In retrospect, when I’ve said “I don’t know,” it has been because the situation was new—software that I had never used, projects and stakes that I had never encountered. In those moments, though, I could have taken a moment to evaluate the data from past projects that had similar deliverables or challenges.
For example, if the question from a team member is, “How much time should I devote to making this storyboard?” and I’ve never made one myself, I can still be helpful. Rather than saying “I don’t know” or deferring to “Use your best judgment” (which sometimes feels like a cop-out), I can refer to the hours that we’ve tracked for past storyboards and how long clients took to approve them. This gives a range for the expected time and, most importantly, provides guidance and support for the team.
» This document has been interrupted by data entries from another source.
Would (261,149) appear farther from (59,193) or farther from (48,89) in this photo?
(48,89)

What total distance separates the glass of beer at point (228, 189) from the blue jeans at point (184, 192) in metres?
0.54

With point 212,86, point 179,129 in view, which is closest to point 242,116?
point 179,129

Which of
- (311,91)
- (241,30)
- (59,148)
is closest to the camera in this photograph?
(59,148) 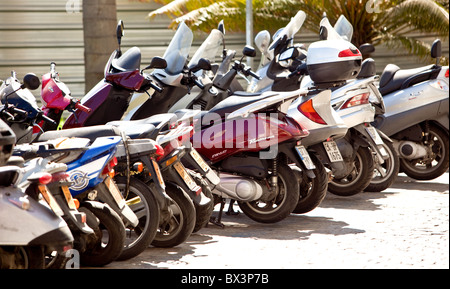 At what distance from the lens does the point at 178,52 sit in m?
8.32

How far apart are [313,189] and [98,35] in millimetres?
4256

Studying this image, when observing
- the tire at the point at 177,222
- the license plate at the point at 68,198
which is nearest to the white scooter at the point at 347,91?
the tire at the point at 177,222

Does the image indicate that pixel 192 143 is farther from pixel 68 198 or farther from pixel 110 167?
pixel 68 198

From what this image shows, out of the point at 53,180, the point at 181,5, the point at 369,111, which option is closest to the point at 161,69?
the point at 369,111

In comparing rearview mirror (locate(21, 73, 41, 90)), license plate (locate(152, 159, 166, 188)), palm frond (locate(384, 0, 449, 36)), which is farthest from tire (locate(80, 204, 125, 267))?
palm frond (locate(384, 0, 449, 36))

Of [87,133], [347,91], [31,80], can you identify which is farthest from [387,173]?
[31,80]

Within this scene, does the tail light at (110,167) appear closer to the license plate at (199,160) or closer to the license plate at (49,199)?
the license plate at (49,199)

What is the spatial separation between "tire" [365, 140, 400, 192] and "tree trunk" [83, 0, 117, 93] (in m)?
3.60

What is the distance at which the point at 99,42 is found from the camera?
36.5ft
Even if it takes time and research to find the answer, do it. Your team will trust and respect you when they see that you’re committed to helping them.
2. “Let’s have a quick brainstorm.”
The creative process works best when at least two minds can riff of off one another—together, you can often devise more solutions together than were possible separately.
So, take five minutes to connect with your colleagues and run a few exercises (like these) to clear the mental blocks you may be having. Even if your team members are asking you because they’re less familiar with the project or issue than you are, brainstorming can still be effective—in fact, their perspective as “outsiders” may bring fresher thinking. In either case, in addition to creating more options for solutions, you also create more collective ownership of the outcomes among the team.
3.“I know an expert who can help with this.”
Of the three approaches I’m sharing, this is the toughest because you are plainly admitting that someone knows better than you do. But rather than causing concern (or doubt in your abilities) by saying “let’s escalate this,” you’re still showing confidence that an answer can be found.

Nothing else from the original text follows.